Worse, according to Scott and Dillon, this dilution of "authenticity", and the consequent dilution of benefits intended to correct disadvantage, has a detrimental effect on Aborigines by diluting statistics that would otherwise be much worse. For Dillon, "political correctness is killing more Aboriginals than smoking".

The extraordinary increase in the number of Australians counted by census as indigenous over the past decade is attributable to many factors that academic demographers are still studying (incidentally, the same steep increases occur in New Zealand, the US, Canada, and Scandinavia). Kim Johnstone, a senior demographer with the NSW Department of Planning, says that most

likely it is a combination of improvements in census outreach, higher fertility rates, decreased stigma and greater pride in ethnicity, along with the greater incorporation of indigenous culture into Australian public life, better communal organisation, and the search by many modern Australians for their authentic past.

But it is also, according to Dillon, "an indication of those people who for whatever reason wanted to jump on the indigenous bandwagon". It is clear that resentment exists between those who continue to suffer discrimination, degradation, and disadvantage because of their Aboriginality (which includes Aborigines both white in appearance and dark), and those who never have, and never will encounter disadvantage. It is, to use a Comoroff phrase, a battle of "ID-ology".

To return to the US experience for a moment. There are 566 federally recognised Native American tribes, each with its own rules for membership, according to the US Bureau of Indian Affairs. Some tribes require a "blood quantum" measurement of as much as one-half or one-quarter Indian ancestry; others require a certain place of birth or residence; while others allow for self identification or adoption. Of the 4.5 million Americans who, according to the bureau, claim Native Indian ancestry, only two million are recognised as such by tribal governments personified by Rhonda Pope. At present, the question of who is an Indian, and just who should decide that, has a real impact on the programming of public funds and the allocation of commercial benefits.

In Australia, as in the United States, establishing just who is Aboriginal, and thus is presumed to have a claim to land, is statutorily defined, and largely left to personal choice and communal acceptance. A person must identify as Aboriginal, have Aboriginal ancestry, and be accepted as such by a recognised Aboriginal community, and these facts ascertained by the 114 Aboriginal and Torres Strait Islander organisations listed in the Yellow Pages.

The Lumbee professor David Wilkins says that when he asked his own family what it was that defined a Navajo, "one said you have to speak the language. Another said you have to live within our sacred mountains. Another said no, you have to take part in ceremonial life. All this in one family!"

Modern Australians generally choose to see themselves as egalitarians, and certainly not as racists. But, as the Comoroffs write of this "counterpoint between cosmopolitanism and indigeneity", there is an inherent contradiction at the heart of modern liberal-democratic and inclusive societies like ours, which increasingly rest on the desire for self-identification and

"authenticity" — sexual, religious, spiritual, lingual, social and racial. That inherent factor is discrimination, with all its repellant qualities, especially when potential advantages are at stake.

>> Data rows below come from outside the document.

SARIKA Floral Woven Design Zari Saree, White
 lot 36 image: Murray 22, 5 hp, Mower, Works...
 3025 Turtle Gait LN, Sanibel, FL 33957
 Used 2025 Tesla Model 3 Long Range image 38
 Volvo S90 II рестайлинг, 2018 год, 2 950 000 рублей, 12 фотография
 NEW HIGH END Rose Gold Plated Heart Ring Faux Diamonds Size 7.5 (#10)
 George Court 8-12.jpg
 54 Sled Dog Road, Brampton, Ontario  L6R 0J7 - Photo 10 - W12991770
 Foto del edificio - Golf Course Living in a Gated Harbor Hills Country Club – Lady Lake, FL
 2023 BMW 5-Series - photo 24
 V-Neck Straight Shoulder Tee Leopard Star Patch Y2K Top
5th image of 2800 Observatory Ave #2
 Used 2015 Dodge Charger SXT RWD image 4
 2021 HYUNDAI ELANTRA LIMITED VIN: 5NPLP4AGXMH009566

As for Elizabeth Warren, she has given an explanation that rings as authentically as any other: "These are my family stories… since I had been [sic] a little girl," she says. "I still have a picture on my mantel and it is a picture my mother had before that — a picture of my grandfather. And my Aunt Bea has walked by that picture at least a 1,000 times and remarked that he — her

father, my Papaw — had high cheek bones like all of the Indians do. Because that is how she saw it."